No single sector dominated commodity performance in May, which means the supply-side is currently more potent than macro factors like global aggregate demand, the dollar, interest rates or inflation. Each commodity is being driven by something in its own supply/demand model, mostly unrelated to one another. That is not just lowering the intra-commodity correlation that can create buying opportunities but has lowered the correlation between stocks and commodities, bringing to light the important role commodities can play in diversification.
In May, the Dow Jones Commodity Index Total Return fell 1.7% bringing its year-to-date performance to -5.3%, and the S&P GSCI Total Return fell 1.5%, pushing down its year-to-date performance to -8.5%. While livestock (+4.4%) and precious metals (+0.4%) were the only positive sectors in the S&P GSCI, 9 of the 24 commodities were positive, and were from all the sectors. Lean hogs (+12.1%,) cocoa (+11.3%) and unleaded gasoline (+3.0%) were the biggest winners while natural gas (+8.6%,) sugar (+7.7%) and lead (+6.2%) were the biggest losers.
This disparity is important since the supply-shocks supporting it comprise the factor (expectational variance) that drives low correlation in between commodities and also between commodities and other asset classes. Notice the stock-commodity (S&P 500 vs S&P GSCI) correlation has fallen from 0.5 to 0.04 this month, making commodities strong diversifiers again.

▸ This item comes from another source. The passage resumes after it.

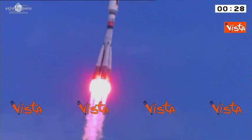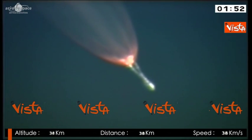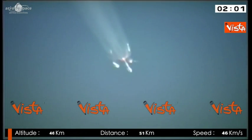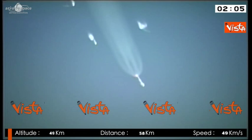We'll be able to see it there. And here we go. The separation of the accelerators is wonderful. After separation,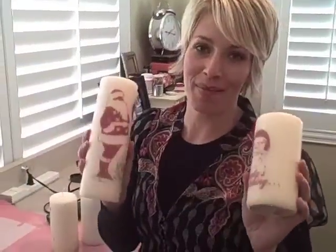Hey everybody, it's Heidi Swapp and as promised I'm here to show you how to make some fun decorative candles. It's really super easy and a great holiday gift idea.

Not only is the diversification an important result but the supply issues matter to the inventory re-balancing process In May, there were a record 9 new commodities with a positive roll return, reflecting backwardation from shortages. There have never been this many commodities swinging simultaneously from negative to positive term structures, so that might be a bullish sign ahead of the summer. However, the term structure hasn’t turned positive yet for unleaded gasoline despite its rise in May even in the face of falling oil. Typically if Brent crude falls, unleaded gasoline falls slightly more with a down market capture ratio of 107, but when Brent crude rises unleaded gasoline typically increases with an up market capture 109. If commodities of not just the same sector but the same component are decoupling, and Brent crude is not dragging down unleaded gasoline, not only is that bullish, but it makes a more compelling diversification argument.